• _Your objective_:
From the line containing "Roll-off dumpster from" to the last line of the data, both included, transcribe each line exactly, leaving out pictures and adding nothing.

• _Information_:

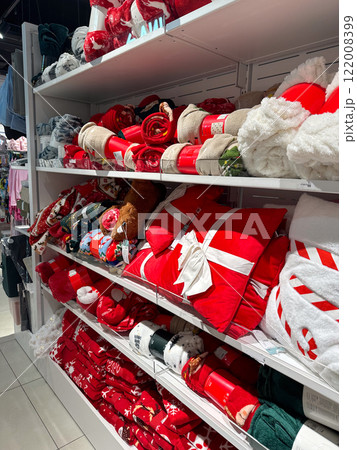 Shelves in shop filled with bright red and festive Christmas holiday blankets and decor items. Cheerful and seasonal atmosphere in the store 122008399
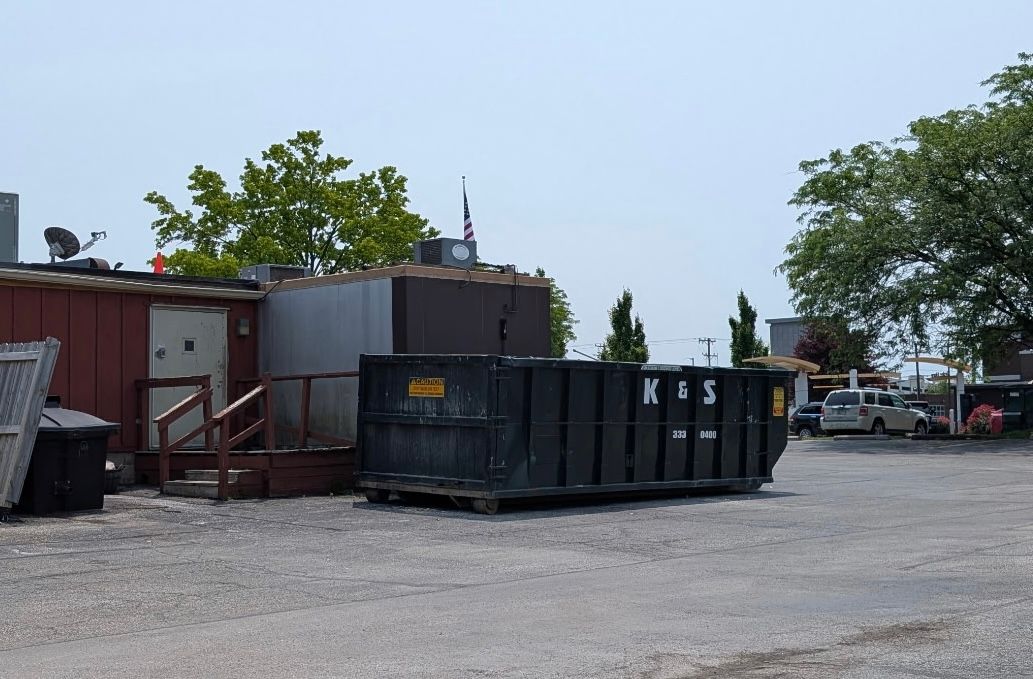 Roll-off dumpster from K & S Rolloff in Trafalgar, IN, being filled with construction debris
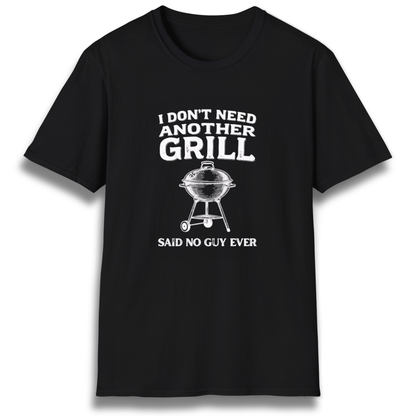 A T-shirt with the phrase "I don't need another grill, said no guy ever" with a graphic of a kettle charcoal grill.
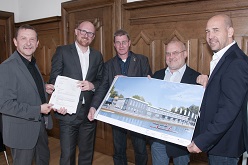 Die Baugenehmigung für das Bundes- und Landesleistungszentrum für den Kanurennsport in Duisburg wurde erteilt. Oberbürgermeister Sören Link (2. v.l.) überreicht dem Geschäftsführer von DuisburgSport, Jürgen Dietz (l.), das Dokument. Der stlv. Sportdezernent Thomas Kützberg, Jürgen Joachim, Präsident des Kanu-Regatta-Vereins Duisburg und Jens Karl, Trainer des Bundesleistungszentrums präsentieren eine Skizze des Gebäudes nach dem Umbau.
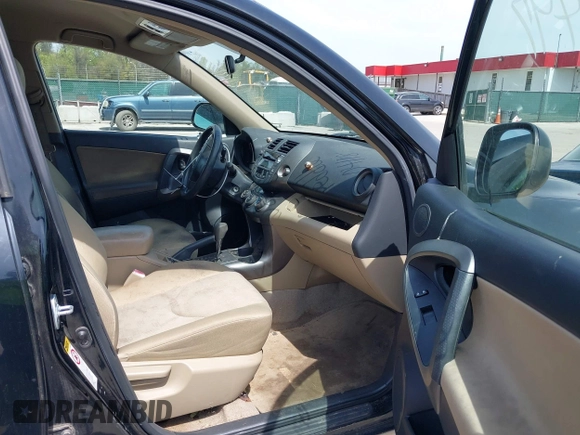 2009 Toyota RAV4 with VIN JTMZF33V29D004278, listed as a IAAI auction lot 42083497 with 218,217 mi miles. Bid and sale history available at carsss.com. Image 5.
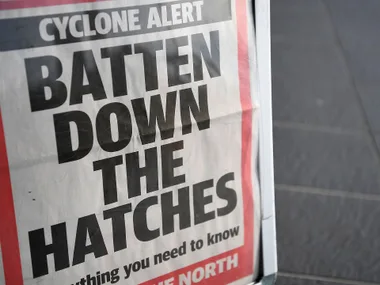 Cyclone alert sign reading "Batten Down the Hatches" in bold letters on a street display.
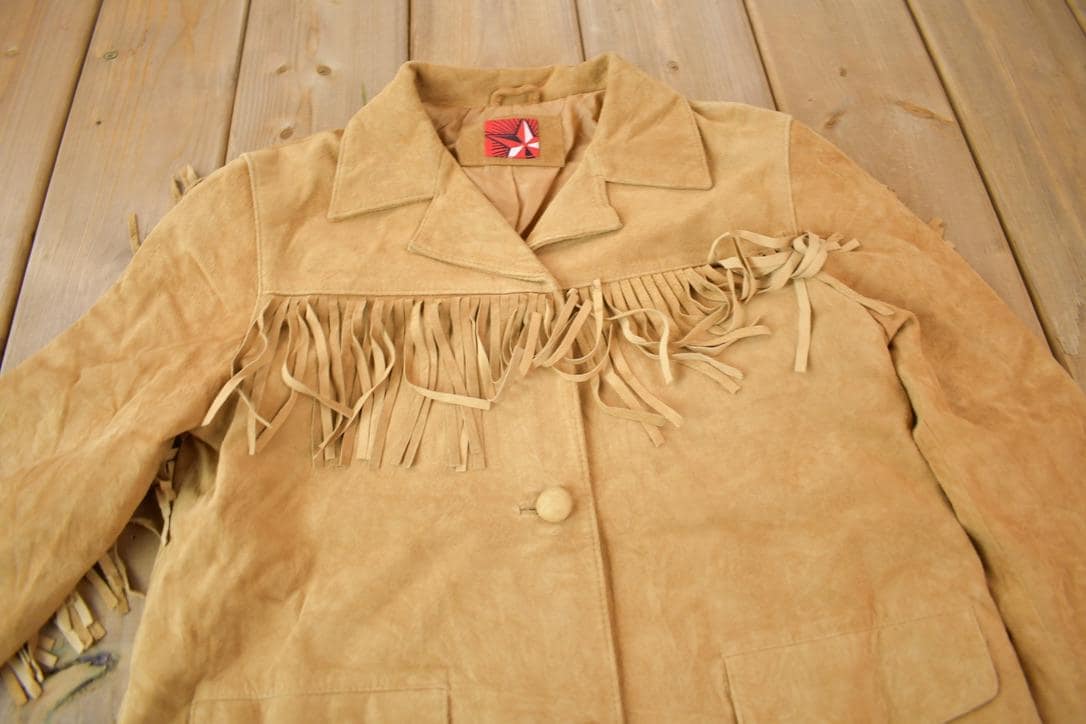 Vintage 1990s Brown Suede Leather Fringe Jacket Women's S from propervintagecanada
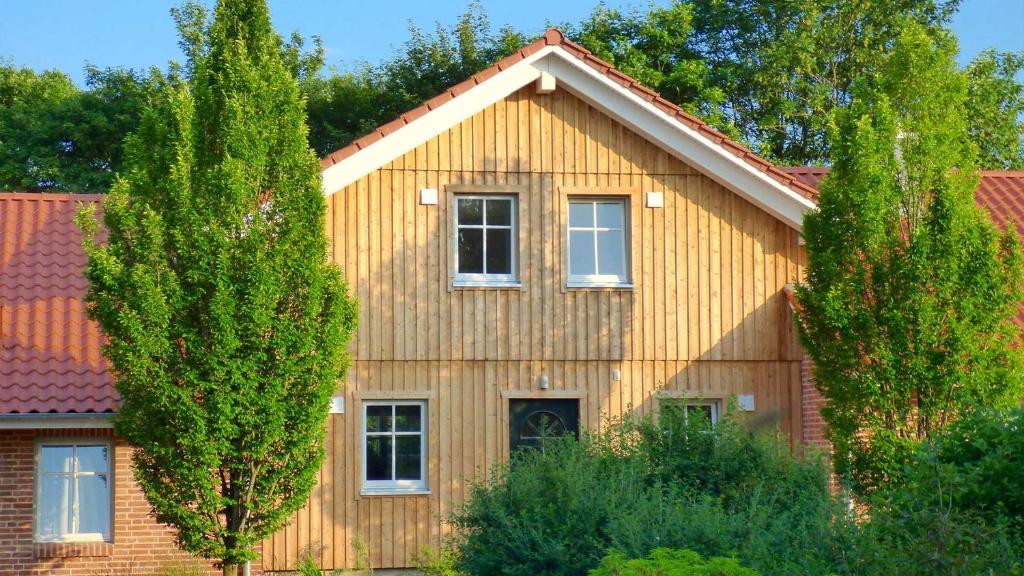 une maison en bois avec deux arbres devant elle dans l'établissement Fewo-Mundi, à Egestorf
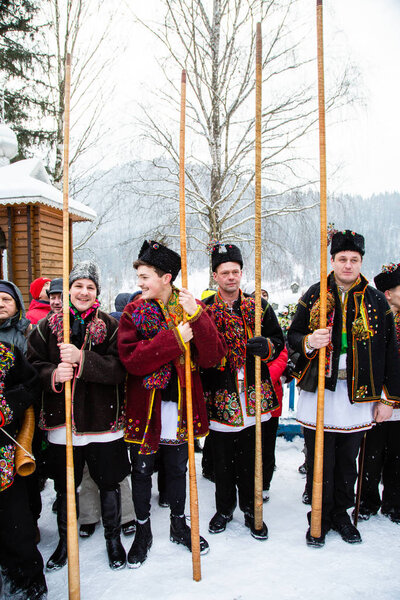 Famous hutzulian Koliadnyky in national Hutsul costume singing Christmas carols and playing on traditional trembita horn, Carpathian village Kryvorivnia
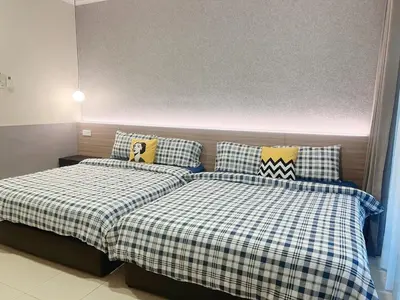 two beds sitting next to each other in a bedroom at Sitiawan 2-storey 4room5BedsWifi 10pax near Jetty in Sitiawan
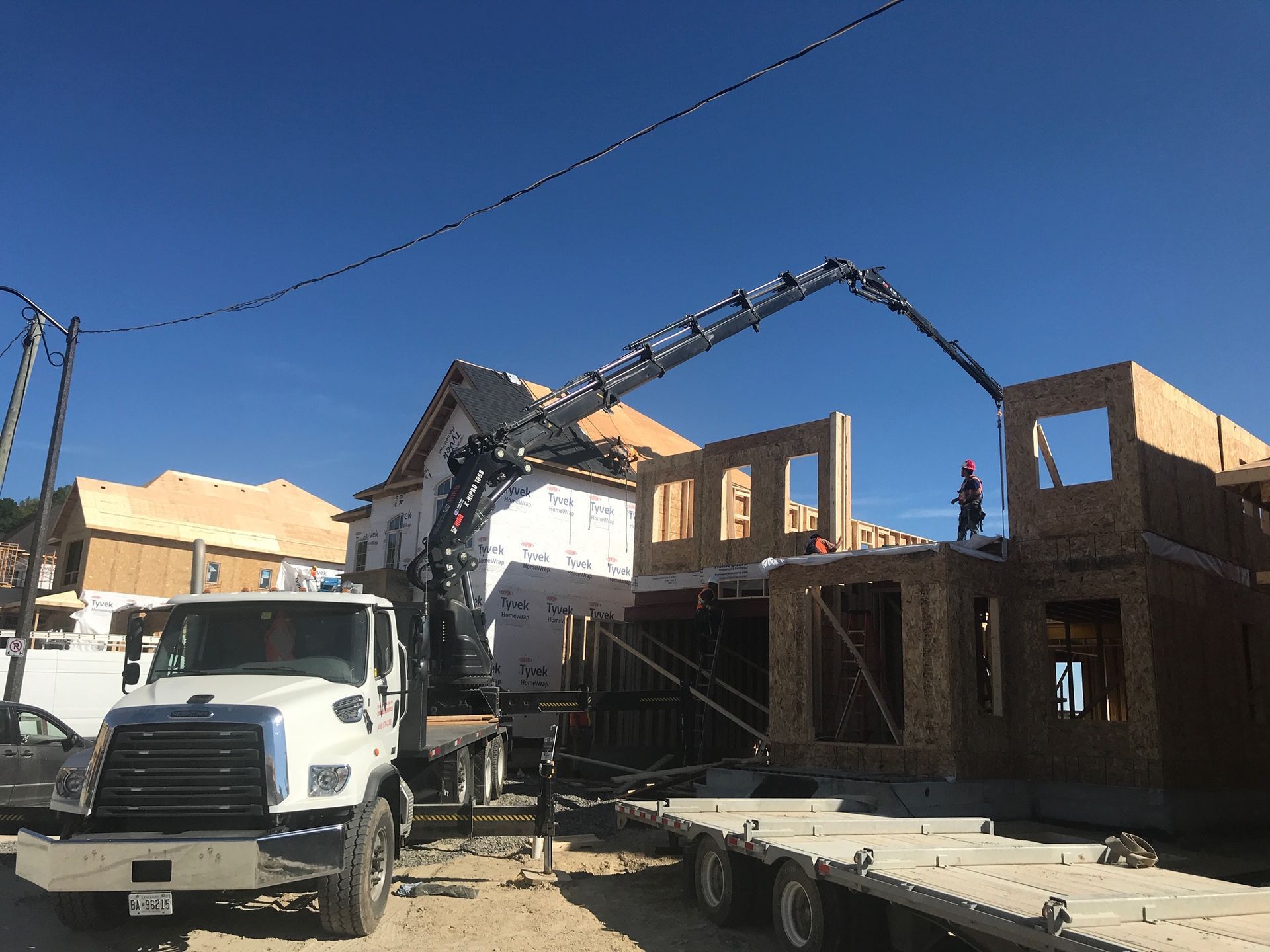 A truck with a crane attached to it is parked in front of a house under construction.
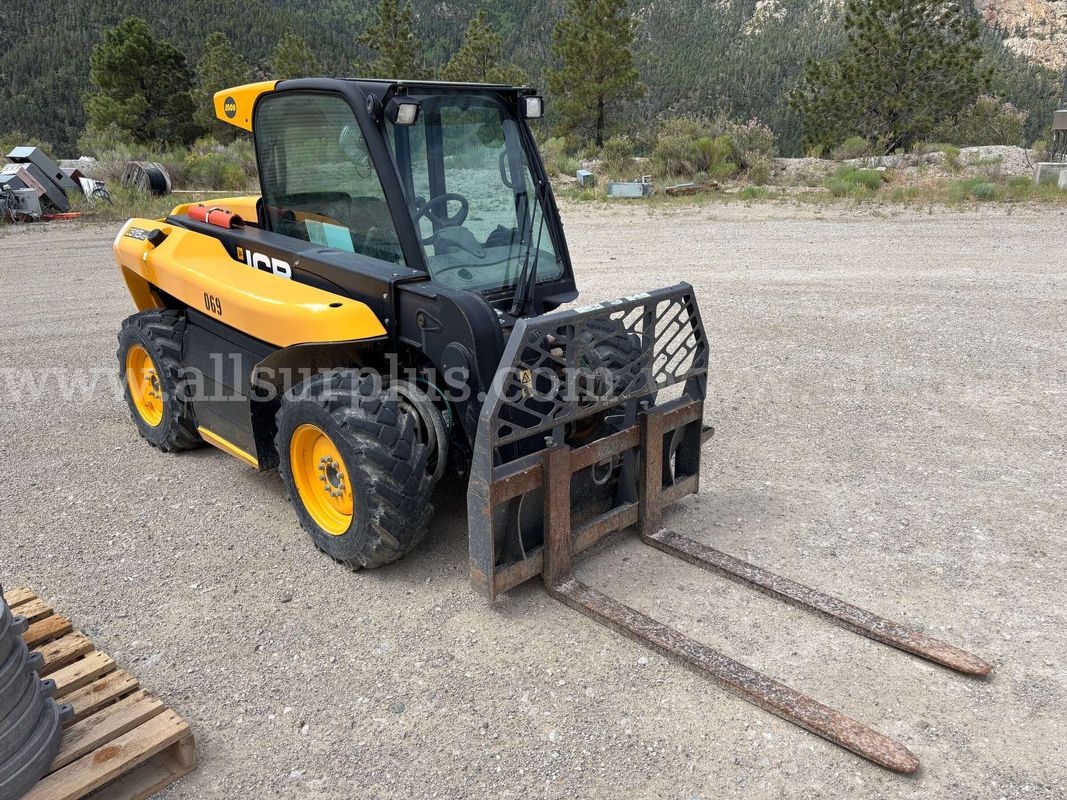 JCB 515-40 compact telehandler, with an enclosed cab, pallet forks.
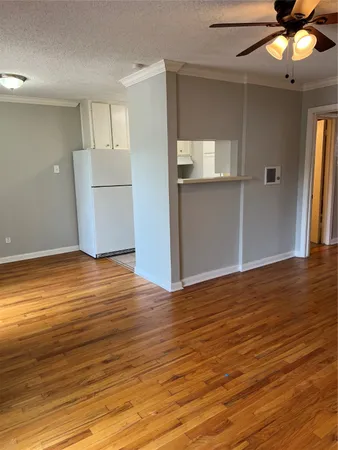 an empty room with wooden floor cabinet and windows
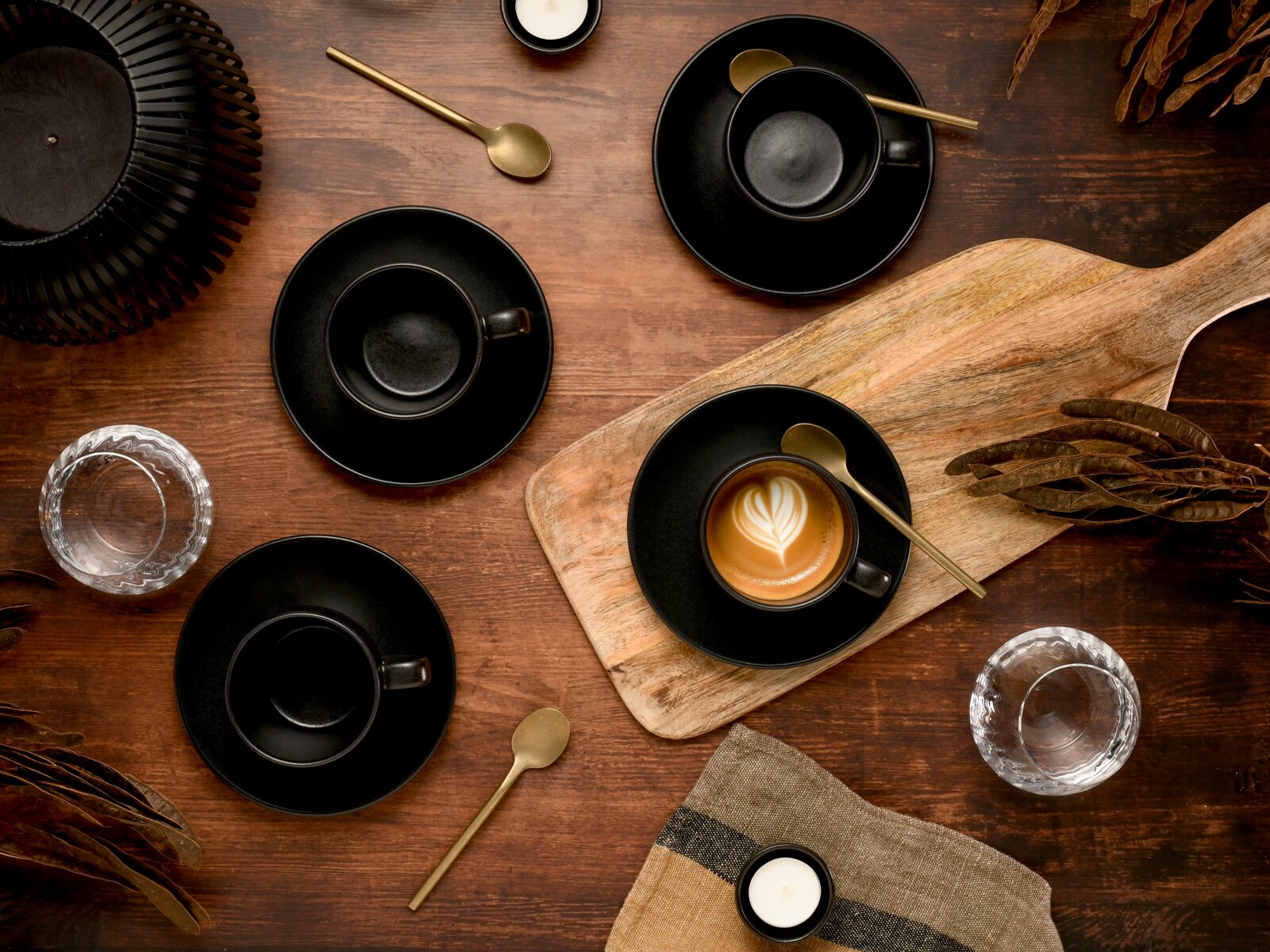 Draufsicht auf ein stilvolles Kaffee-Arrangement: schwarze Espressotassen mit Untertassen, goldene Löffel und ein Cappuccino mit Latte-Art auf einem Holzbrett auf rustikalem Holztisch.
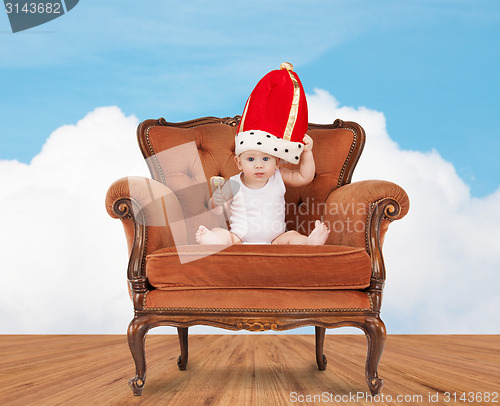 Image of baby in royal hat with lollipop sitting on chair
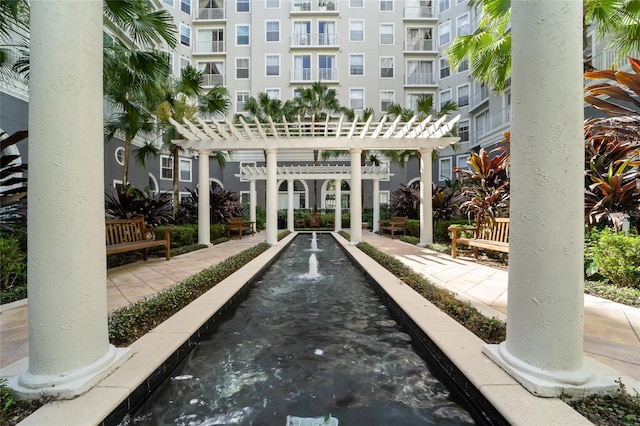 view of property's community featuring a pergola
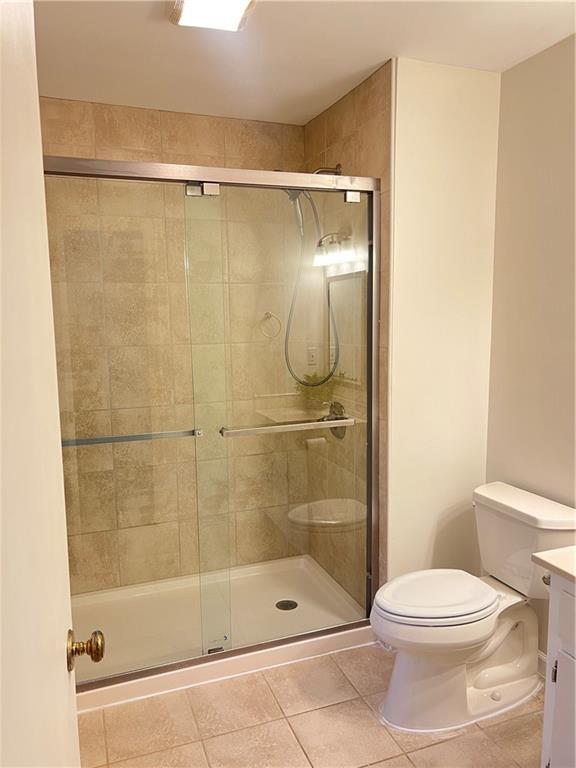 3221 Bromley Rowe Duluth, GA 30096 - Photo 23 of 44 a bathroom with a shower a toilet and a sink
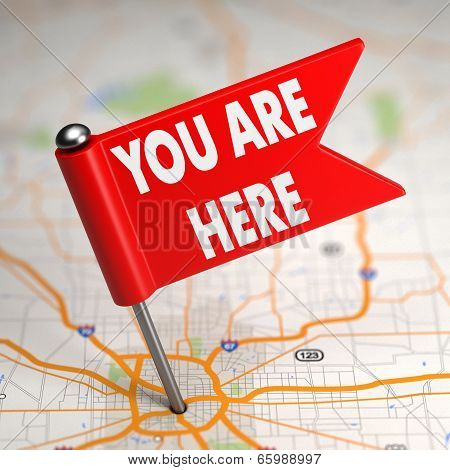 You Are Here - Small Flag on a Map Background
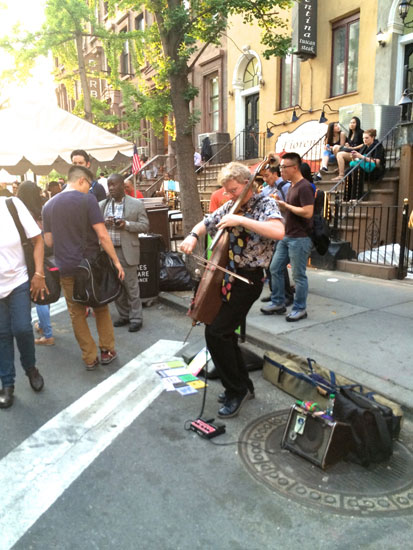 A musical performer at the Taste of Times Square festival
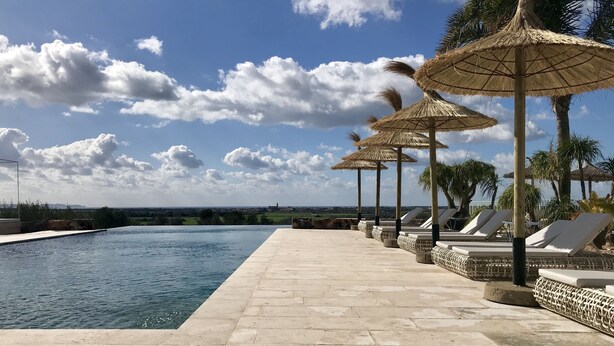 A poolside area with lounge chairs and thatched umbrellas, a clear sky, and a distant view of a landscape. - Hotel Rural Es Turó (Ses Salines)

• _Expected output_:
 Roll-off dumpster from K & S Rolloff in Trafalgar, IN, being filled with construction debris
 A T-shirt with the phrase "I don't need another grill, said no guy ever" with a graphic of a kettle charcoal grill.
 Die Baugenehmigung für das Bundes- und Landesleistungszentrum für den Kanurennsport in Duisburg wurde erteilt. Oberbürgermeister Sören Link (2. v.l.) überreicht dem Geschäftsführer von DuisburgSport, Jürgen Dietz (l.), das Dokument. Der stlv. Sportdezernent Thomas Kützberg, Jürgen Joachim, Präsident des Kanu-Regatta-Vereins Duisburg und Jens Karl, Trainer des Bundesleistungszentrums präsentieren eine Skizze des Gebäudes nach dem Umbau.
 2009 Toyota RAV4 with VIN JTMZF33V29D004278, listed as a IAAI auction lot 42083497 with 218,217 mi miles. Bid and sale history available at carsss.com. Image 5.
 Cyclone alert sign reading "Batten Down the Hatches" in bold letters on a street display.
 Vintage 1990s Brown Suede Leather Fringe Jacket Women's S from propervintagecanada
 une maison en bois avec deux arbres devant elle dans l'établissement Fewo-Mundi, à Egestorf
 Famous hutzulian Koliadnyky in national Hutsul costume singing Christmas carols and playing on traditional trembita horn, Carpathian village Kryvorivnia
 two beds sitting next to each other in a bedroom at Sitiawan 2-storey 4room5BedsWifi 10pax near Jetty in Sitiawan
 A truck with a crane attached to it is parked in front of a house under construction.
 JCB 515-40 compact telehandler, with an enclosed cab, pallet forks.
 an empty room with wooden floor cabinet and windows
 Draufsicht auf ein stilvolles Kaffee-Arrangement: schwarze Espressotassen mit Untertassen, goldene Löffel und ein Cappuccino mit Latte-Art auf einem Holzbrett auf rustikalem Holztisch.
 Image of baby in royal hat with lollipop sitting on chair
 view of property's community featuring a pergola
 3221 Bromley Rowe Duluth, GA 30096 - Photo 23 of 44 a bathroom with a shower a toilet and a sink
 You Are Here - Small Flag on a Map Background
 A musical performer at the Taste of Times Square festival
 A poolside area with lounge chairs and thatched umbrellas, a clear sky, and a distant view of a landscape. - Hotel Rural Es Turó (Ses Salines)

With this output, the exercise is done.